## Directions for this task
In this exercise, the entries below include pictures. Repeat exactly the lines from the line with "We set it where" to the line with "Welcome to Andy's", including both, but without the pictures.

## Supplied data
↓↓↓

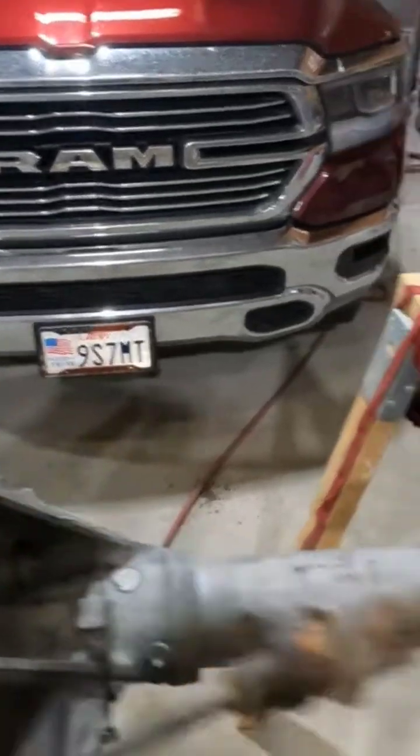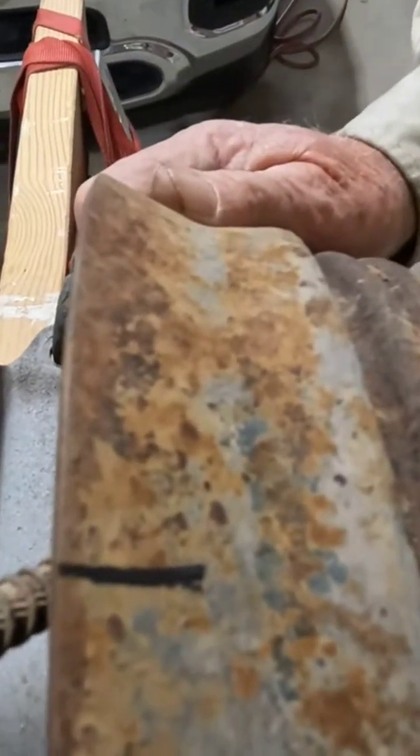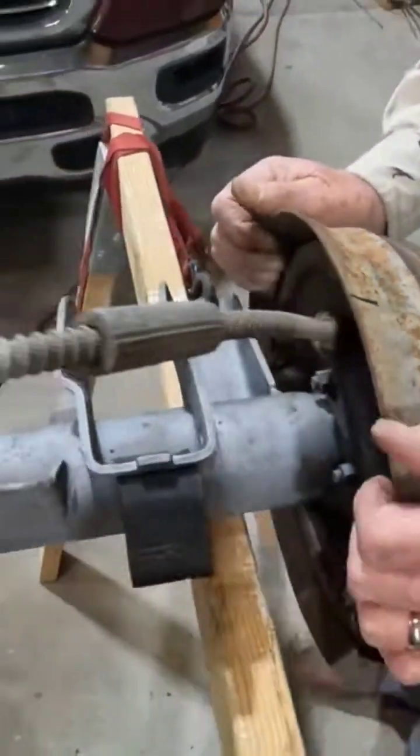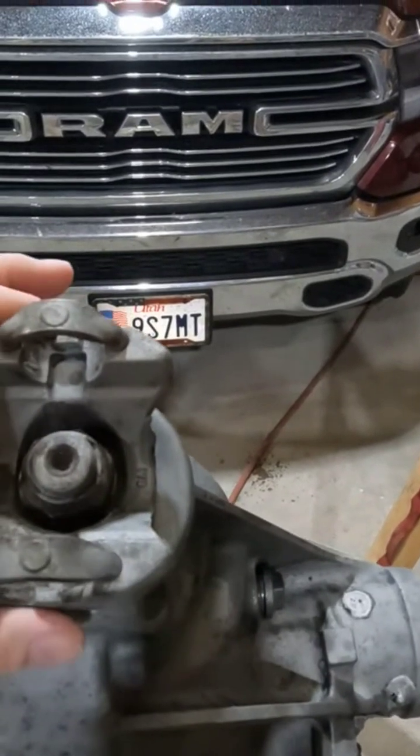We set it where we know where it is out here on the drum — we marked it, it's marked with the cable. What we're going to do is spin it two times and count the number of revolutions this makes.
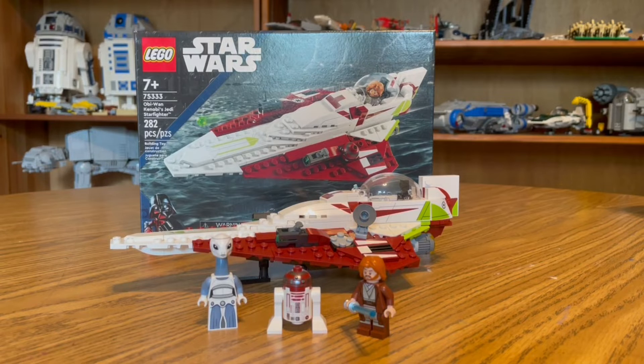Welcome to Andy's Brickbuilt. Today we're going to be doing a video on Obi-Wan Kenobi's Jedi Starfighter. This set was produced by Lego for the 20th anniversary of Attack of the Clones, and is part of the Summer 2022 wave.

↑↑↑
↓↓↓

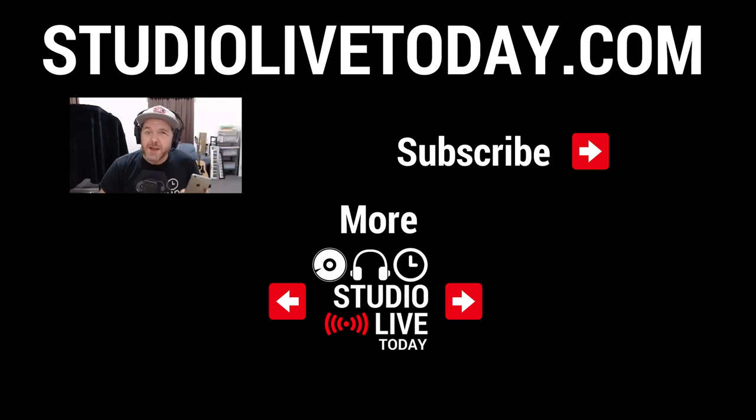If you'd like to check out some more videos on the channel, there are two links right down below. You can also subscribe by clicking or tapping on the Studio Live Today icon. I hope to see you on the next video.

↑↑↑

## Your response
We set it where we know where it is out here on the drum — we marked it, it's marked with the cable. What we're going to do is spin it two times and count the number of revolutions this makes.
Welcome to Andy's Brickbuilt. Today we're going to be doing a video on Obi-Wan Kenobi's Jedi Starfighter. This set was produced by Lego for the 20th anniversary of Attack of the Clones, and is part of the Summer 2022 wave.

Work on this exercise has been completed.